Problem to work on
Only the lines below between the one holding "Insert the software" and the one holding "Once you've looked", inclusive, are to be reproduced word for word; the pictures are to be left out.

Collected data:
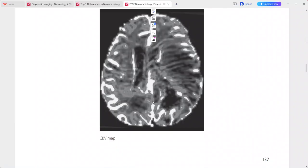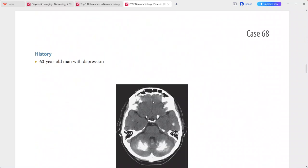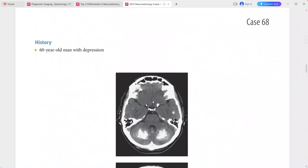Differentials include abscess, metastasis, tumefactive demyelination, lymphoma, and radiation necrosis.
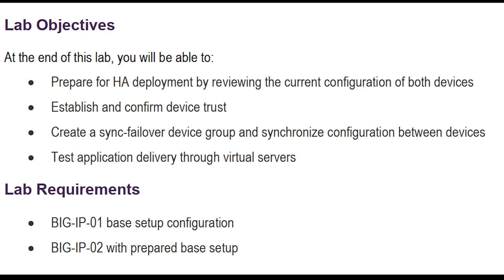Prepare for HA deployment by reviewing the current configuration of both devices. Establish and confirm device trust. Create a sync failover device group and synchronize configuration between devices.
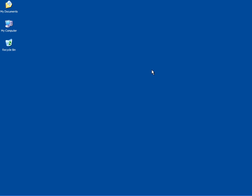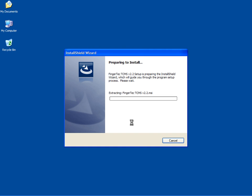Insert the software installation CD into the CD-ROM of the computer. Follow the on-screen instructions to install the software.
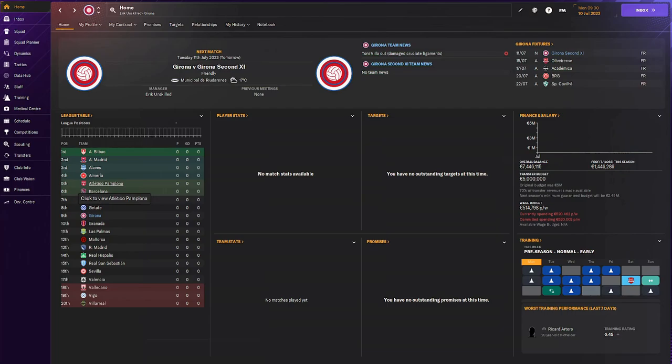Hello guys and welcome to the first ever episode of my Director of Football career mode in Football Manager 24. We are going to be managing none other than Girona, the club that's doing so good in La Liga now.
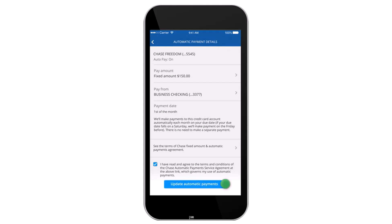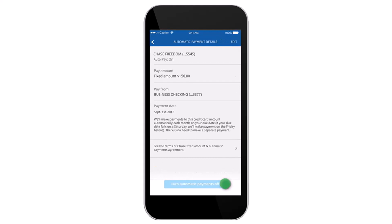Once you've done that, tap on the option 'Update Automatic Payment,' and there you have it — that is basically how you set up automatic payment on your Chase Bank. That was it for this video. Hope this was helpful, and if it was, make sure you like this video and subscribe to our channel so that you don't miss out on further videos such as these.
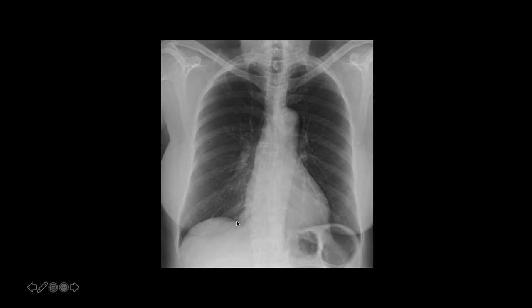Once you've looked through all of that, remember that there are several lines that should always be visible. Here we have the hemidiaphragms, the heart borders — both right and left — the descending aorta, and sometimes you can see the paravertebral lines, though not always.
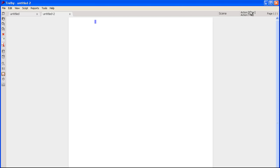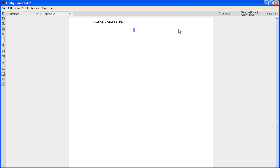Over here on the right you see Action — you hit the Enter key. Action, you hit Tab. So let's say: Knight, Thieves' Den. Hit Enter. Now Character — you hit Tab, so it moves over to the center. And let's say we'll name a character called Huey. Then hit Enter. So Huey says: hey, I love Trelby.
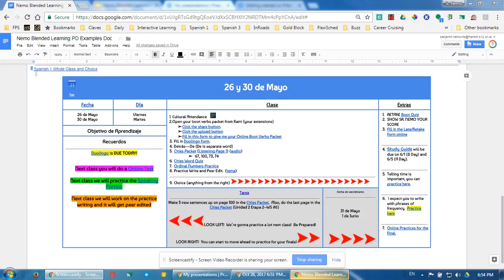The last example I have for you today is a whole class model that doesn't utilize station rotation, but it does have choice. I wanted to show this to you because it's a simplified version.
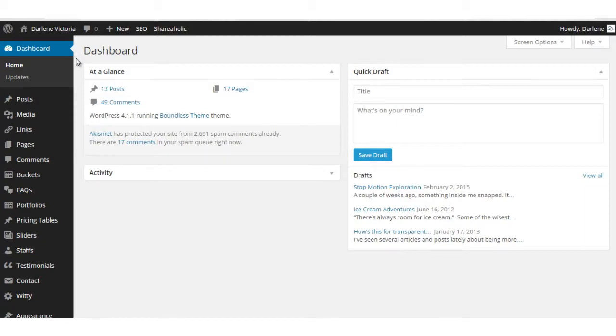A theme is a collection of files that make your WordPress website look and feel a certain way to the end user. Let's get started.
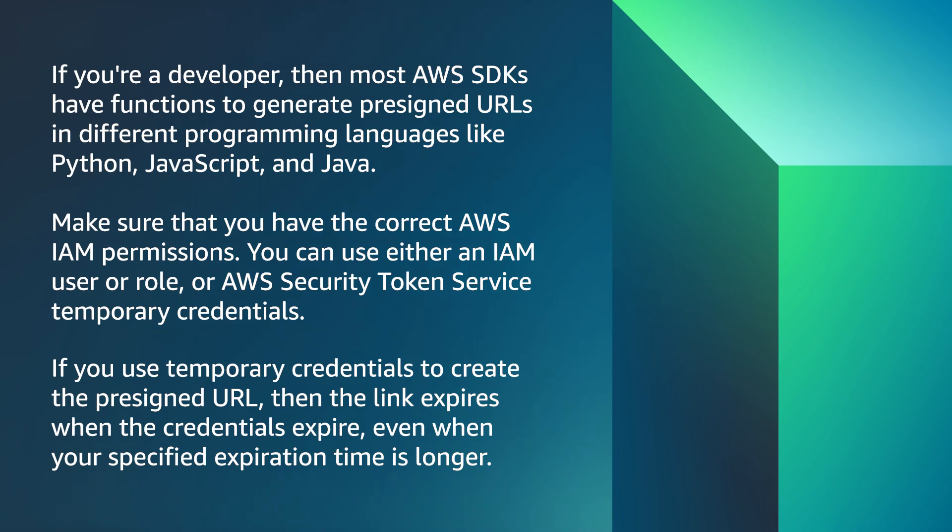And now, you know how to resolve the request has expired error when you are trying to access an Amazon S3 object. Thanks for watching and happy cloud computing from all of us here at AWS.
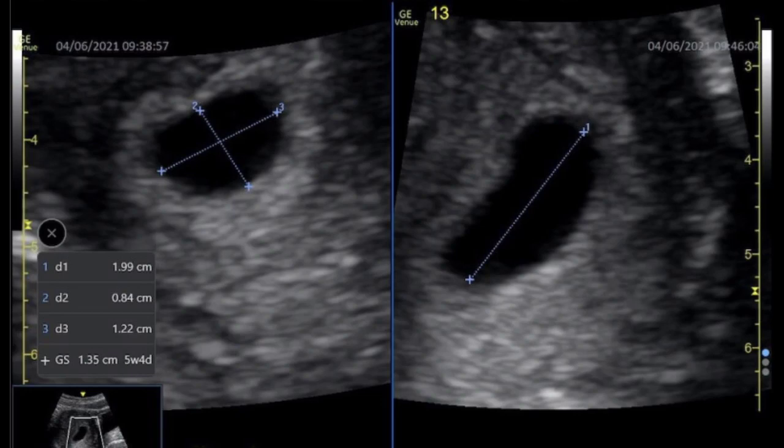Then, in the transverse plane at the level of the anteroposterior measurement, the width measurement is obtained. The three measurements are averaged to obtain the gestational sac mean diameter. In other words, the gestational age of the embryo is determined by measuring the mean diameter of the sac, as measured from inside wall to inside wall of the sac.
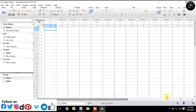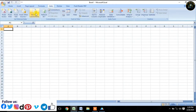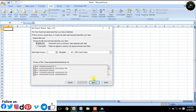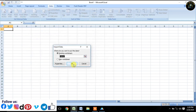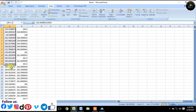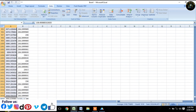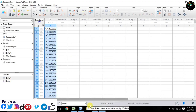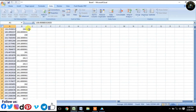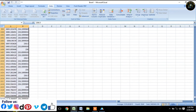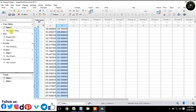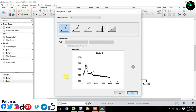Just follow every step precisely and carefully. I will show you how to do the work of Prism Software.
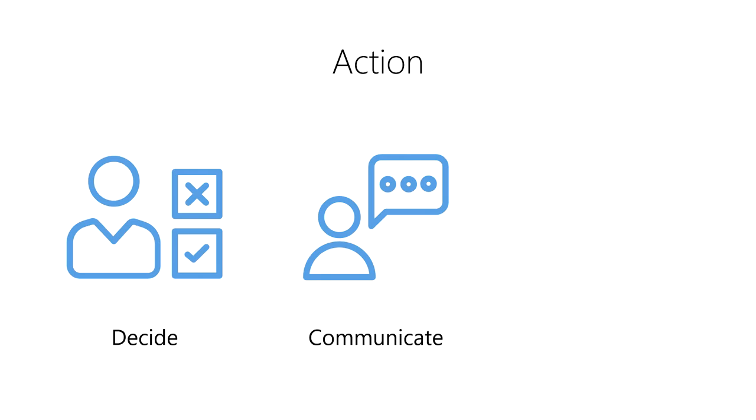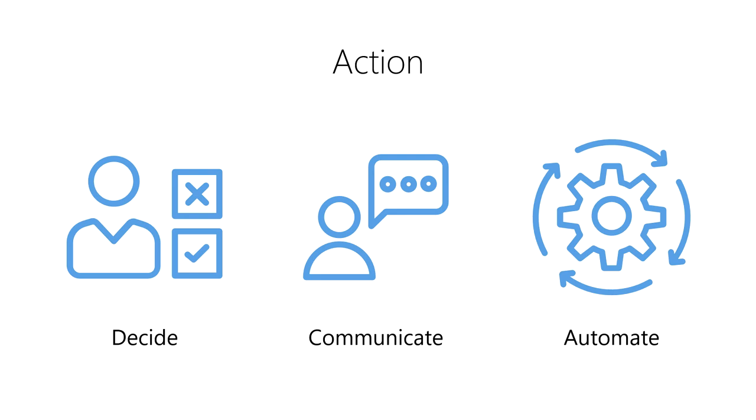Or we can automate a decision-making process with a computer so that the action will automatically happen when the right patterns of data are observed by the machine. No matter who is performing the action, we always want to make sure that we've chosen the best action given the data.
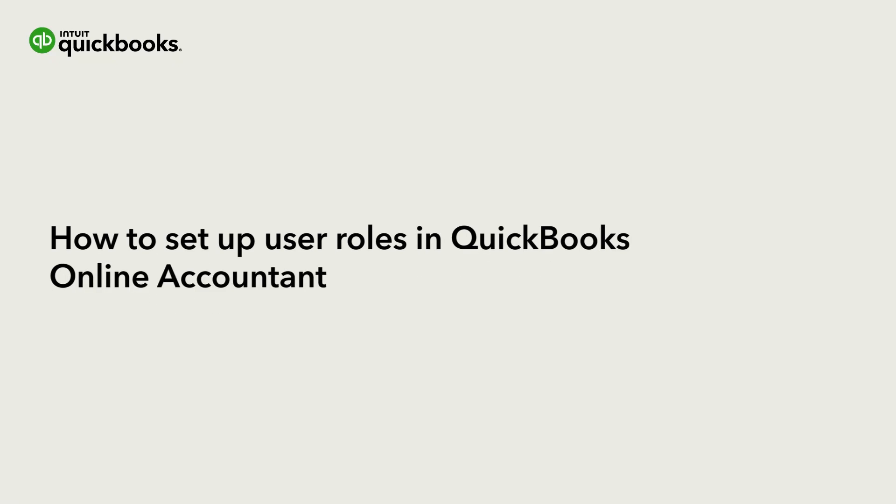Hi, this is Jason from the QuickBooks team. With QuickBooks Online Accountant, you can give people in your firm access to your clients and your firm's books and customize what they can see and do.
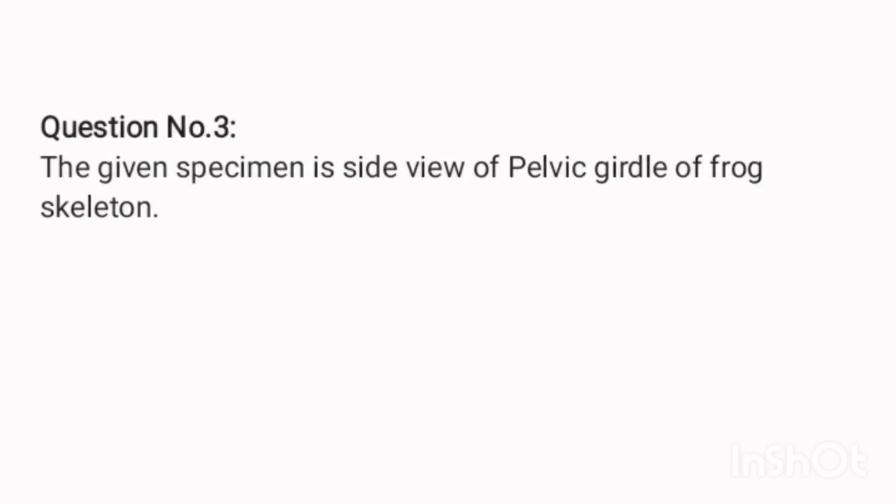Question number 3. The given specimen is the side view of the pelvic girdle of a frog skeleton.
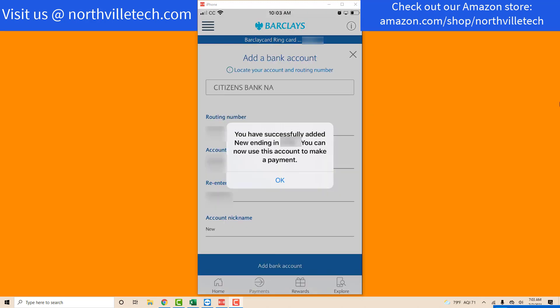Now you will see a message which says you have successfully added your bank account. That's how you add an external bank account in Barclay's app.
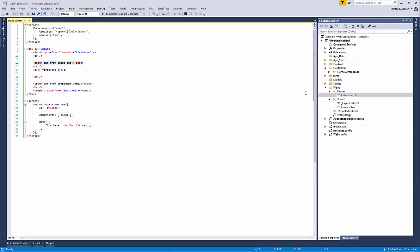Hello. In part 2 of this tutorial we learned how to create a small Vue application within an MVC application in Visual Studio. This tutorial will show you how to do the separation of concerns by splitting the code into multiple files.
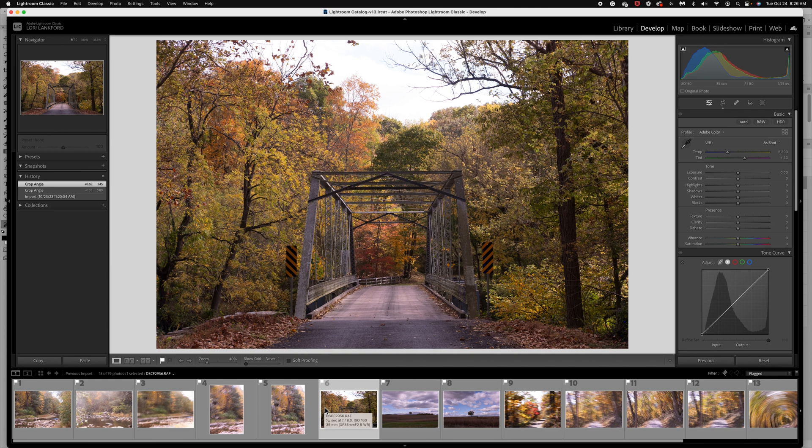I am just editing this gorgeous fall scene. What I wanted to do was turn this snapshot into a magical fall image.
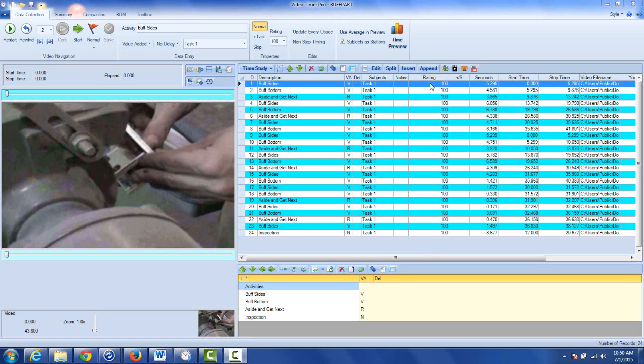In this example let's say you want to change the rating of the entire study from 100 to maybe 90. You thought the guy was working at 90 percent.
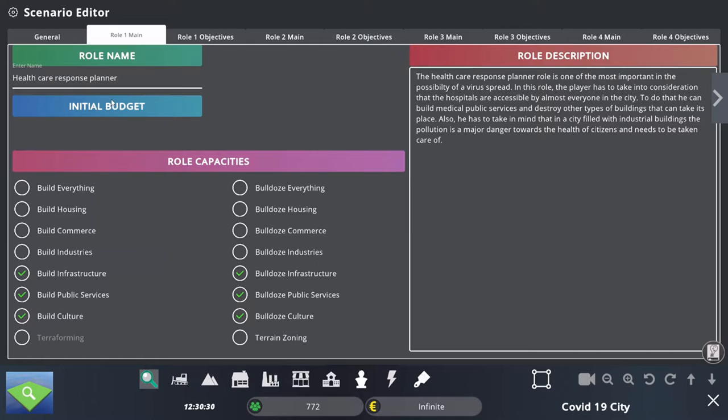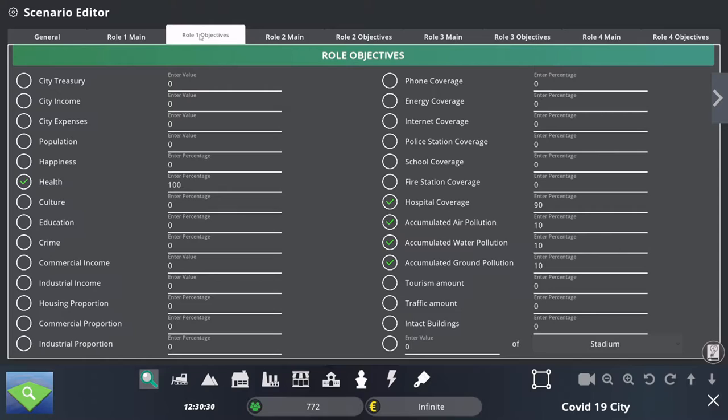That will be up to the other players to help the Health Care Response Planner in order for them to achieve the objectives. The objectives of the Health Care Response Planner are defined in the second tab. We can see all the possible objectives that a teacher can assign to students. The health of the city needs to be at 100%, hospital coverage needs to be at 90%, and air, water, and ground pollution need to be below 10%.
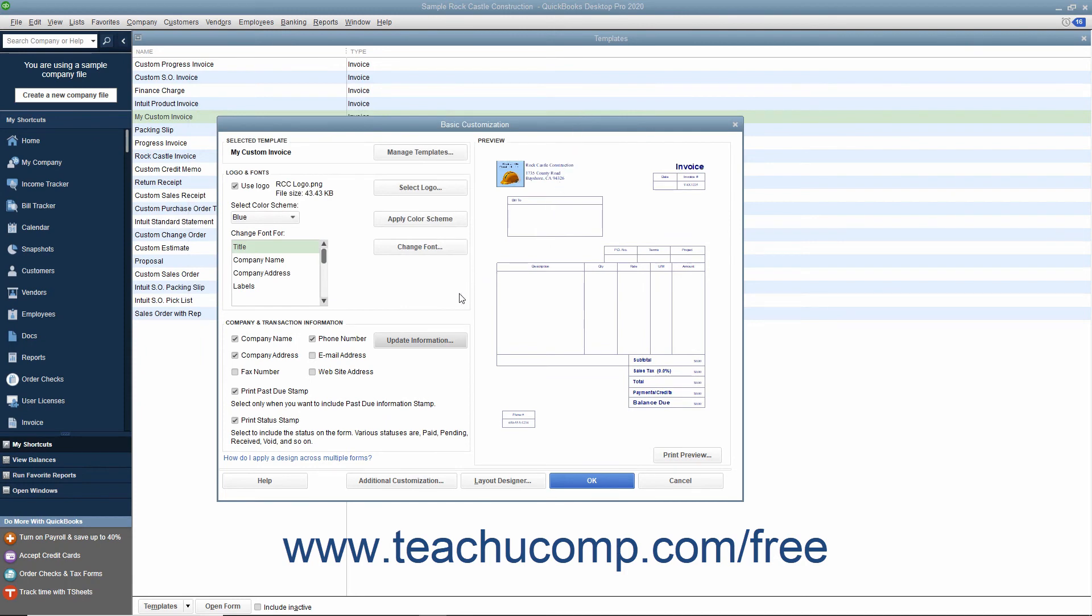After completing the Basic Customization, you must then choose what to do next. You could click the Additional Customization button to display the Additional Customization window where you can set more advanced features of the template.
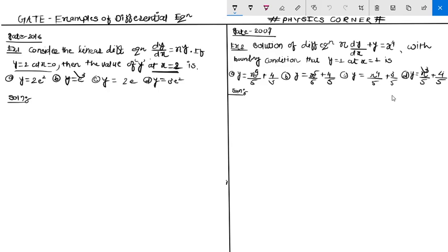Hello friends, welcome to my channel. I am Akshay Budhulwar and you are watching Physics Corner. In this lecture we will discuss two problems: the first one was asked in 2016 and the second one in 2007.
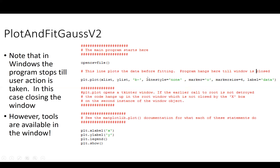This is the main program. We call the function we wrote earlier, open_csv_file, which opens the file dialog. You can then choose the Gaussian text file downloaded from the class resources page — a list of X and Y values. As a result of this one line, the two lists xlist and ylist are now populated.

Solution below
Insert the software installation CD into the CD-ROM of the computer. Follow the on-screen instructions to install the software.
Hello guys and welcome to the first ever episode of my Director of Football career mode in Football Manager 24. We are going to be managing none other than Girona, the club that's doing so good in La Liga now.
Once you've done that, tap on the option 'Update Automatic Payment,' and there you have it — that is basically how you set up automatic payment on your Chase Bank. That was it for this video. Hope this was helpful, and if it was, make sure you like this video and subscribe to our channel so that you don't miss out on further videos such as these.
Once you've looked through all of that, remember that there are several lines that should always be visible. Here we have the hemidiaphragms, the heart borders — both right and left — the descending aorta, and sometimes you can see the paravertebral lines, though not always.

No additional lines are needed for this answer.